> _DATA PROVIDED_:
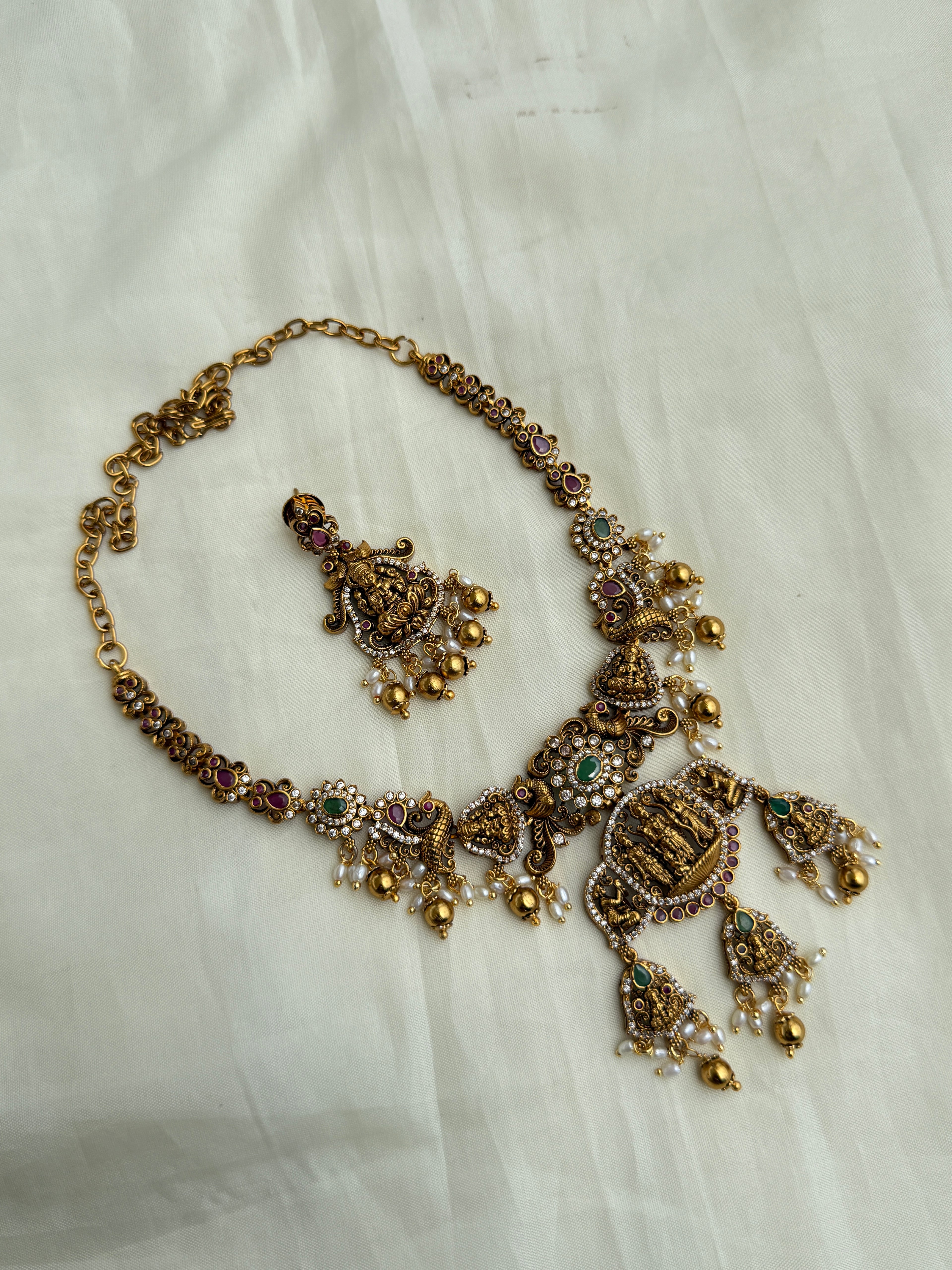 Ns312 ram parivaar and Lakshmi Devi nakshi neckset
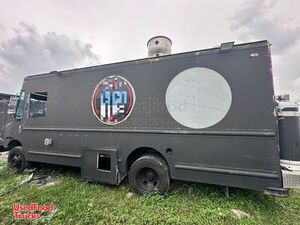 Well Equipped - 2001 Workhorse P42 All-Purpose Food Truck | Mobile Food Unit
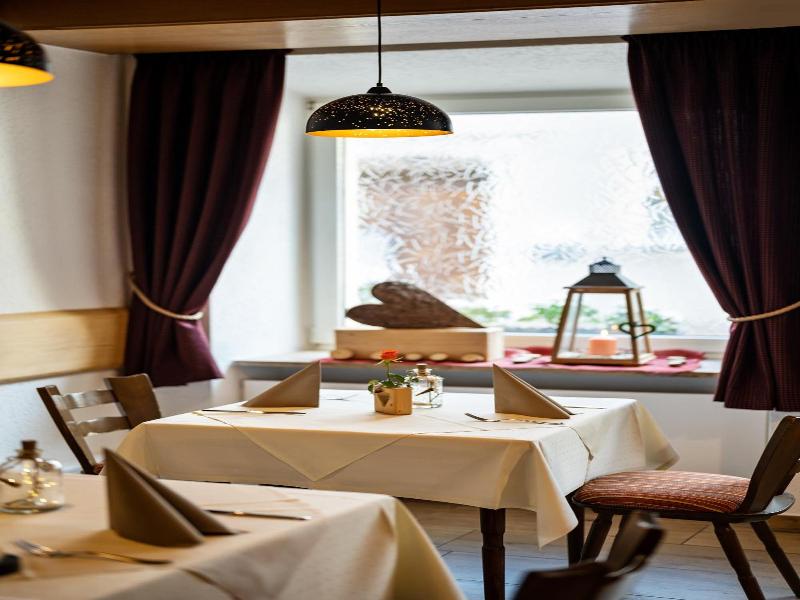 Hotel Zur Post image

> _EXERCISE REQUIREMENTS_: Would you retype all the material above exactly, apart from its pictures?

> _EXPECTED ANSWER_:
 Ns312 ram parivaar and Lakshmi Devi nakshi neckset
 Well Equipped - 2001 Workhorse P42 All-Purpose Food Truck | Mobile Food Unit
 Hotel Zur Post image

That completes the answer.